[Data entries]
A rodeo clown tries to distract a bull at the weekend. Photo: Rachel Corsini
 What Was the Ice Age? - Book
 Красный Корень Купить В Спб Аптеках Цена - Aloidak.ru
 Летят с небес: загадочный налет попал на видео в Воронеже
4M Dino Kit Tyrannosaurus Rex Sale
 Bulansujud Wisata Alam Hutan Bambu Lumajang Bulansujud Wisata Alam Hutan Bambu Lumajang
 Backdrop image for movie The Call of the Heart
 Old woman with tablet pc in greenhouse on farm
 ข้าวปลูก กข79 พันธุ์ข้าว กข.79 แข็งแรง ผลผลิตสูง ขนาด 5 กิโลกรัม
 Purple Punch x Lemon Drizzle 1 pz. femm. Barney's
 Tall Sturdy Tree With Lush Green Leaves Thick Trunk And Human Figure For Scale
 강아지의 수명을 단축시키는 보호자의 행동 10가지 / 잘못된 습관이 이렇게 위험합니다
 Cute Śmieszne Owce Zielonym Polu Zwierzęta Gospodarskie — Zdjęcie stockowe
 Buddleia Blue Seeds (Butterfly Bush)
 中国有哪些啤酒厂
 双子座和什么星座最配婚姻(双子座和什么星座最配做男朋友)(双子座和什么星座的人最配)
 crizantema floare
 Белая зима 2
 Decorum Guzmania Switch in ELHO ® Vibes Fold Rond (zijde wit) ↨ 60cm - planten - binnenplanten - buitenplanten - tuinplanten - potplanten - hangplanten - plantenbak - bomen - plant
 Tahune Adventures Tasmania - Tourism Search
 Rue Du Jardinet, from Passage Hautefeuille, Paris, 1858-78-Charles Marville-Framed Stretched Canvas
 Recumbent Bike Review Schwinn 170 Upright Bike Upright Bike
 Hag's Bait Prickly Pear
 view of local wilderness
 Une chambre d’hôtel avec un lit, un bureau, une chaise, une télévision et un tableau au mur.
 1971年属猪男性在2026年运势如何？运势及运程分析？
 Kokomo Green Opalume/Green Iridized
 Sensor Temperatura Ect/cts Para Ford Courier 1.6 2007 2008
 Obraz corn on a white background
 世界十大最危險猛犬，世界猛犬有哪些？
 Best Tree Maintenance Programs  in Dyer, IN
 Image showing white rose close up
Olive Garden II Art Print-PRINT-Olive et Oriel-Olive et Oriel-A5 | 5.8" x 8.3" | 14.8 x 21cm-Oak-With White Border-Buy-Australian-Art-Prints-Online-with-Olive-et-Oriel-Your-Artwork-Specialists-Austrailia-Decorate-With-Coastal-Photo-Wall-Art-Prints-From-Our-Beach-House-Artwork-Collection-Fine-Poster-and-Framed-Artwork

**EXERCISE DESCRIPTION:** Search the data above for the word "Tree". Copy each line it is in.

**SOLUTION TO THIS TASK:**
 Tall Sturdy Tree With Lush Green Leaves Thick Trunk And Human Figure For Scale
 Best Tree Maintenance Programs  in Dyer, IN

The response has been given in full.